On another note, I wanted to write about my recent revelation in regards to going to cooking school.  For years, I’ve always told everyone my main fear about being a chef.  It was that I didn’t want to get tired of doing what I love.  The fear was that if I didn’t want to cook at home because I cooked as a profession, would be the end of the world.  And although, I overcame this fear not too long ago, David Chang confirmed that it was okay to not have the urge to cook at home because it was a profession.   In the New York Times article, he talked about not wanting do anything on his days off, which means ordering take out and catching up on sports.  I realized David and I are a lot alike.  I don’t know what I would say if I ever ran into him except, “Hey, I think you’re the male version of me”.
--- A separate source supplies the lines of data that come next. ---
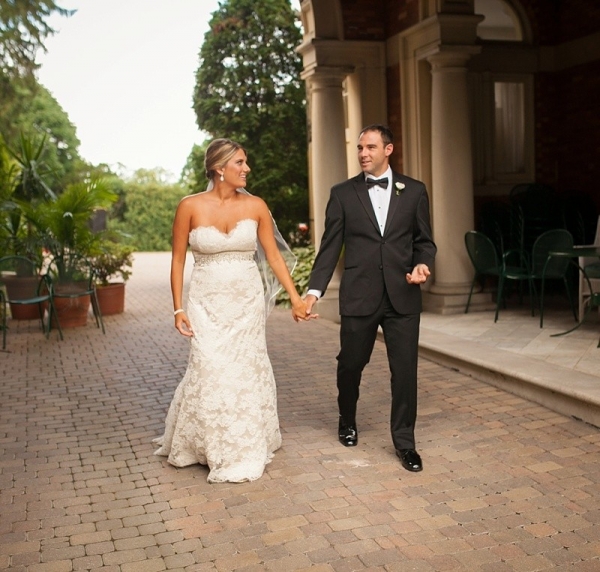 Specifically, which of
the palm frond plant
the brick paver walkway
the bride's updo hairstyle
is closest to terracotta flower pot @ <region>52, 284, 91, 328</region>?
the palm frond plant

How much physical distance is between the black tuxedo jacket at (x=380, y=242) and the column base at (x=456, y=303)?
476 centimetres

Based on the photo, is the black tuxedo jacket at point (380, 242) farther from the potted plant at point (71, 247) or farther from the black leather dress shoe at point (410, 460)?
the potted plant at point (71, 247)

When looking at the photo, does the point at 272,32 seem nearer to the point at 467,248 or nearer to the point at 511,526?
the point at 467,248

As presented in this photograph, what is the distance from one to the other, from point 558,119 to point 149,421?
7.71 metres

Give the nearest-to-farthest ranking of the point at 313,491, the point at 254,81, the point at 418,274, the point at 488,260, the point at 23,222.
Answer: the point at 313,491
the point at 418,274
the point at 488,260
the point at 23,222
the point at 254,81

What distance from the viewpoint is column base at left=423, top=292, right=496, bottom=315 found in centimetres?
941

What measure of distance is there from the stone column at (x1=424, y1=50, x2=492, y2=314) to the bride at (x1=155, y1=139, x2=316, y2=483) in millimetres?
4960

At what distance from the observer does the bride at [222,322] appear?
15.2 feet

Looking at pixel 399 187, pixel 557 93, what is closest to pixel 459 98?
pixel 557 93

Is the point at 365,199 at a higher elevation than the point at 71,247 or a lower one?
higher

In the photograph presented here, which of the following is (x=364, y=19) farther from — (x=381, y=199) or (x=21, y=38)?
(x=381, y=199)

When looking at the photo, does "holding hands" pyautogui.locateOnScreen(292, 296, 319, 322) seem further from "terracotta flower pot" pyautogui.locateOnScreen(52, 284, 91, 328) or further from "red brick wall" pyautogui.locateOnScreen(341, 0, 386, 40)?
"red brick wall" pyautogui.locateOnScreen(341, 0, 386, 40)

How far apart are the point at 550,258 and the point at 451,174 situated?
174 cm

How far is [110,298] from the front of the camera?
11656mm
This week’s recipes come from a blog that I subscribed to awhile back and unfortunately, can’t seem to find it among 50 other food blogs I read on a weekly basis.  If I find it at some point, I’ll be sure to link it to this entry.  I’ve always wondered what parsnips tasted like, so I figured this recipe was a great way to celebrate all its flavors and to incorporate into the the fitness challenge.  There are some recipes that combine potatos which I’m sure is a great addition.  The cucumber oolong tea came from being inspired at various spas that serve chilled cucumber water.  By far, this has got to be the most light and refreshing drinks for the summer.

Mashed Parsnips


6 parsnips

pot of water


1 tbs butter

Peel and dice parsnips into 1 inch chunks.  Boil in water for at least minutes or until tender.  Drain well.  Mash parsnips with butter and salt to taste.

Cucumber Oolong Tea

Cut hot house cucumbers into thin slices.  Brew oolong tea and wait until cooled.  Add ice and a couple slices of cucumber into chilled drink.